» INSTRUCTIONS TO FOLLOW: Set the listing down again exactly, please, apart from its pictures.

» COLLECTED DATA:

──────────

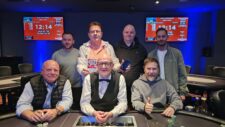 Ein Gruppenbild von vier Freunden, die fröhlich lachen und zusammen an einem Pokertisch sitzen. Sie haben Karten in der Hand und Chips vor sich liegen. Das Ambiente ist entspannt und gemütlich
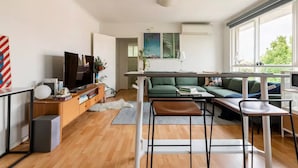 Uma sala de estar moderna com televisão, sofá e área de jantar.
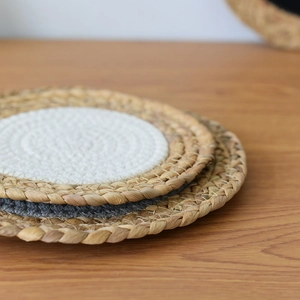 Stack of woven round heat resistant cotton rope and seagrass placemats on wooden table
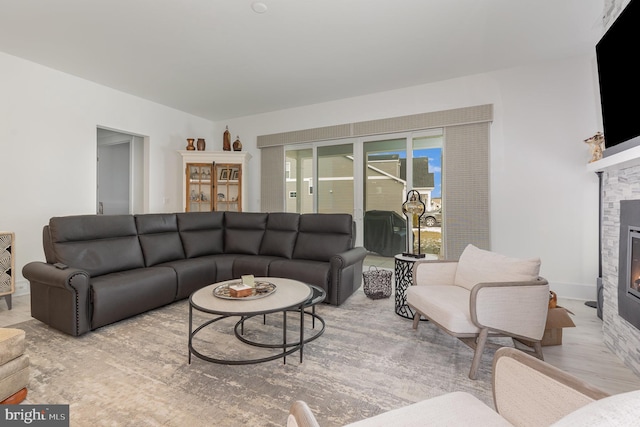 living room with a stone fireplace and light wood-type flooring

──────────

» FINAL ANSWER:
 Ein Gruppenbild von vier Freunden, die fröhlich lachen und zusammen an einem Pokertisch sitzen. Sie haben Karten in der Hand und Chips vor sich liegen. Das Ambiente ist entspannt und gemütlich
 Uma sala de estar moderna com televisão, sofá e área de jantar.
 Stack of woven round heat resistant cotton rope and seagrass placemats on wooden table
 living room with a stone fireplace and light wood-type flooring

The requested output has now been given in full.